Agli effetti di cosa avverrà, non è importante sapere se ci fu corruzione da parte di una società del gas, la Burmisa, nel cui consiglio di amministrazione sedeva Hunter Biden. Trump ha chiesto che quella indagine, già archiviata in Ucraina, venisse riaperta e offerto allo scopo il sostegno dei suoi legali. Ciò che rileva politicamente è la totale mancanza di fair play che all’interno di una gran democrazia quale è quella americana costituisce elemento fondante. Puntare sul figlio per colpire il padre, ricorda la storia di “lupus et agnus” della favola di Esopo.

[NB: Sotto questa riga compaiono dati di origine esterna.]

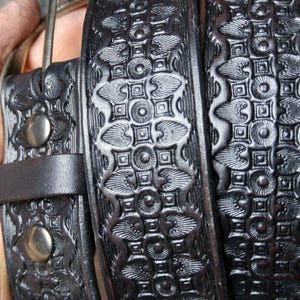 Tooled  Leather Belt -- black or brown dress belt  -- 1 1/2&quot; Belt  -- Hand Stamped Belt -- Custom Belt -- USA Made -- Free Shipping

Che Trump praticasse una linea di comportamento morale del tutto personale negli Usa era noto da tempo. Già la sua scesa economico finanziaria era avvolta da un alone di oscurità, la liquidazione a suon di dollari delle escort a cui si era accompagnato per evitare grane giudiziarie ampliava il quadro. La vicenda delle interferenze russe, ancora non chiara, sulla campagna elettorale di Hillary Clinton, quando competeva con Trump per la presidenza, aveva accresciuto lo score di uomo senza scrupoli del presidente. A peggiorare la situazione sta il fatto che Trump avrebbe chiesto quanto detto sopra promettendo via libera alla fornitura di armamenti. Questo, se confermato, indicherebbe che il presidente sfrutta a suo interesse personale la politica estera americana. E potrebbe configurarsi come qualcosa vicino al tradimento.

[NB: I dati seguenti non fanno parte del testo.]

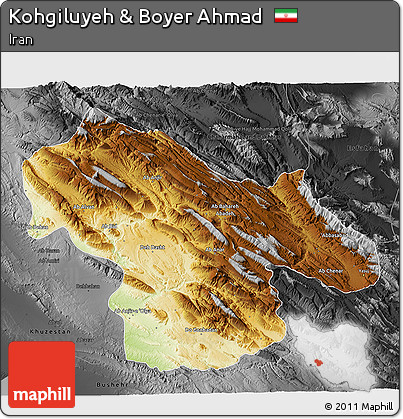 Physical 3D Map of Kohgiluyeh & Boyer Ahmad, darken, desaturated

Trump si difende da tutto elencandolo come un insieme di false notizie, fake news, facendosi forte di aver messo sotto controllo settori importanti del sistema di accertamento e di giudizio americani, a cominciare dall’Alta Corte di giustizia fino alla Cia. Ma alla lunga la partita gli sta diventando difficile. Egli è forte della sua arroganza e del fatto di poter contare su un’ingente fortuna personale. Finora è riuscito a indebolire la bella immagine dell’americano campione della democrazia, ma le prossime tappe si presentano difficili anche per lui che ostenta invincibile sicurezza. Pian piano, è arrivato al punto che dietro le sue spalle si è venuta stagliando la figura negativa di Richard Nixon, anche lui, repubblicano e presidente, artefice della scandalo Watergate, pure lì a danno degli avversari politici, che nel 1972, per evitare l’impeachment, dovette dimettersi dalla Casa Bianca.
Trump appare osso più duro di Nixon, ma il cumulo dei passi falsi compiuti e che continua a compiere, lo ha condotto su un sentiero arduo da percorrere fino in fondo, a conclusione del mandato presidenziale e alla candidatura per il rinnovo. La misura appare prossima al limite, vicino al baratro. La morale dei tempi correnti è meno rigorosa di quella che correva negli anni ’70, ma la corda tirata a lungo si spezza e il tonfo sarebbe clamorosamente planetario.